Now the co-ordinated basis took a set-back when the NUT and EIS in Scotland and the UCU, (and the UCU members would not have come out in Scotland anyway) took a step back from the action. As I have said before there will be hopefully action at the end of April not only on pensions but also on pay and allowances.
Sorry to be blunt, but what NUT et al. did was more than "a step back", it was abandoning the field. Because of that, I wonder if looking to the NUT conference in two weeks is more wishful thinking than anything else.
Is there precedent in recent memory for a TU conference overturning a decision made by the executive?
If the NUT conference upholds the exec decision, where does it leave that vast majority of PCS members who voted to strike?
I want to keep this you, and others, as fraternal as possible, because you do not live in Britain and your own experiences have coloured your perceptions of what has taken place over the PCS issue. But the PCS did not scrap the action only put it back to April so that they can discuss more fully with the other smaller and larger public sector unions to have a co-ordinated and unified action.
My experiences certainly have colored my perceptions. I cannot deny that. That would be quite un-materialist of me to do. But as I said before, I have seen this happen before, including when a "left", "radical" leadership was in charge.

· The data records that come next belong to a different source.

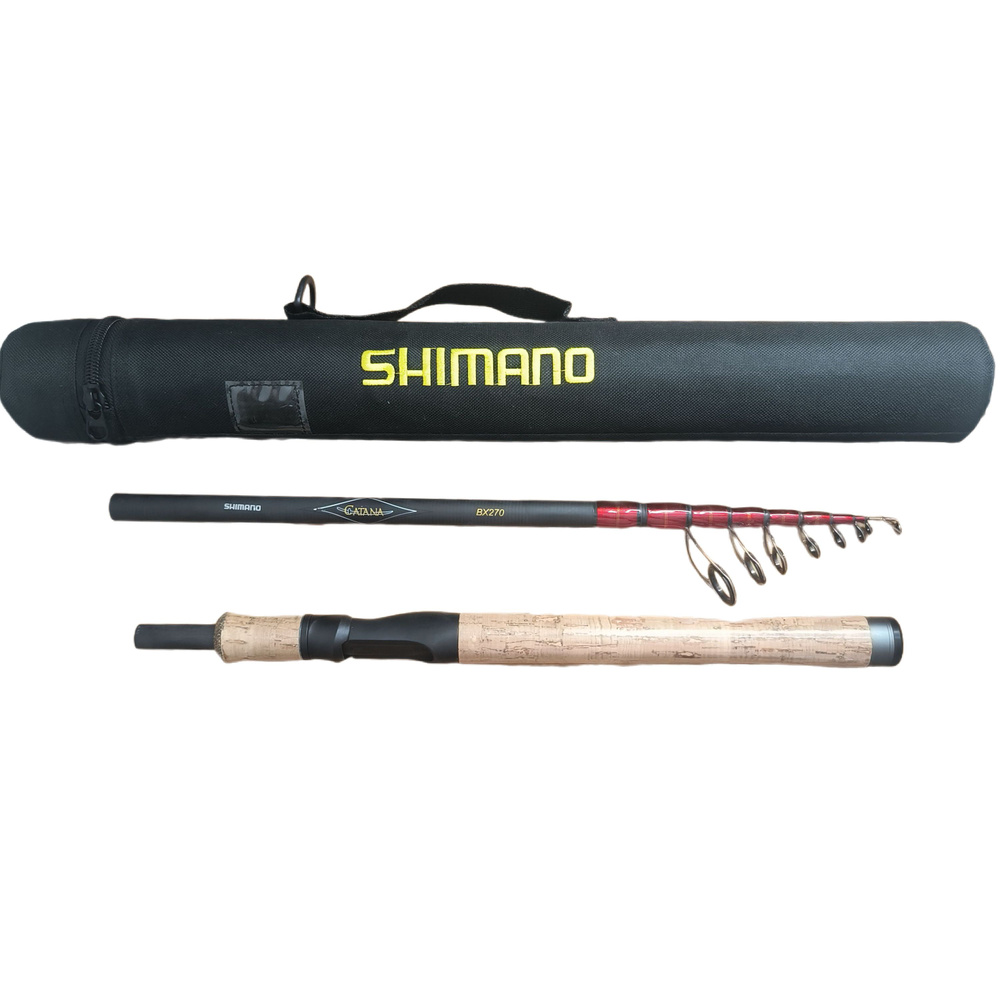 Спиннинг шимано катана Shimano Catana BX 270 см. 100% Carbon тест 10-30 + тубус  #1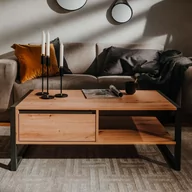 Ławy i stoliki kawowe - Finori Stolik kawowy Denver 55, dąb artisan i antracytowa szarość - miniaturka - grafika 1
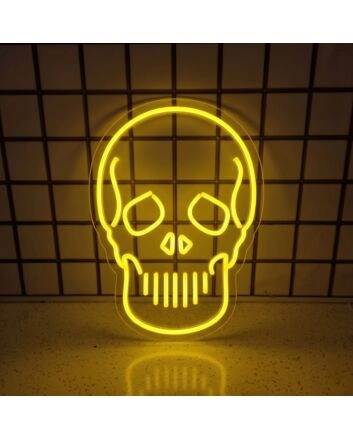 Skeleton&#39; neon sign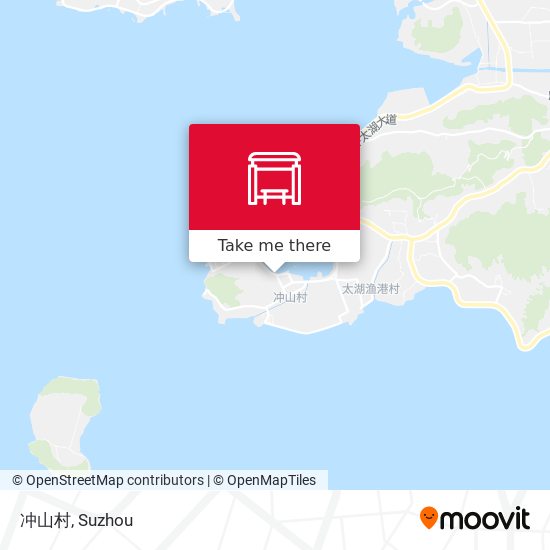 冲山村 map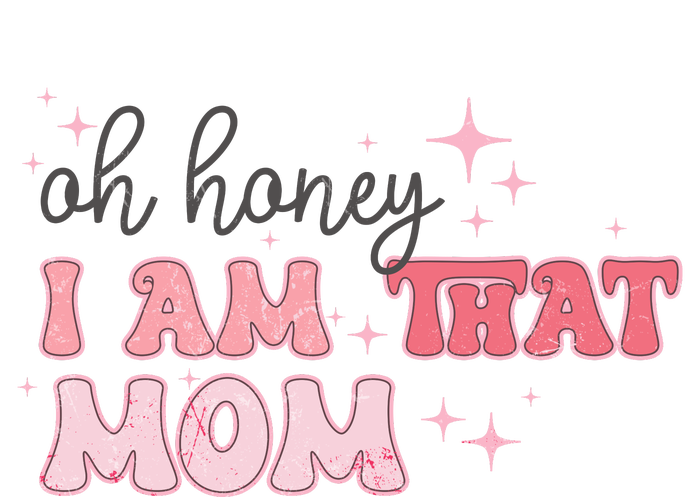 Oh Honey I Am That Mom Funny Boho Groovy Mom Zip Tote Bag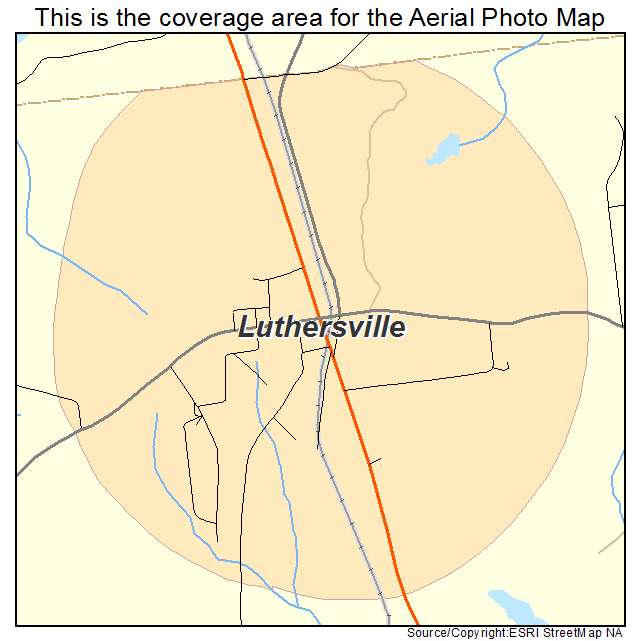 Luthersville, GA location map 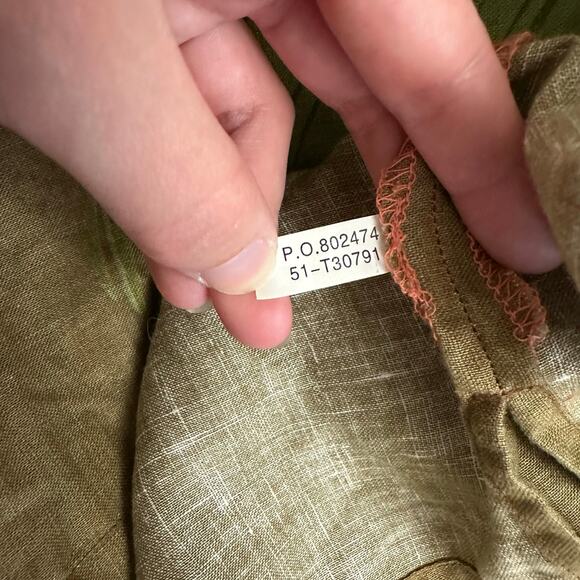 Tommy Bahama Men’s XXL 100% Linen Hawaiian Camp Shirt Hula Girl Palm Tree Print - Picture 8 of 10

Look, I understand that there are moments when it makes sense to be the airbrakes on the speeding truck, to slow it down before it tries to take the hairpin turn and ends up plunging off the cliff. But these are very rare moments, and it really has to be an obvious danger to consider it the correct course. In the case of the PCS, my question would be: What would likely happen as a result of the PCS beginning a strike action without the presence of NUT and UCU -- not the worst-case scenario, but the most likely one?
Again let me remind you that it was the right wing trade union leaders immediately after the 30th November strike that derailed the strike movement, not the PCS leadership. In fact the Socialist Party at the time in all the public sector union were agitating and calling for an escalation in the strike action when they were calling for a 24 General strike for both the public sector and the private sector; as a means to defeat the government on pensions, pay and jobs.
Fair enough. I'm not questioning what you're saying here. But it does reinforce the reasoning behind the question of whether hanging all of the PCS' hopes on the NUT and UCU is predicated by little more than wishful thinking.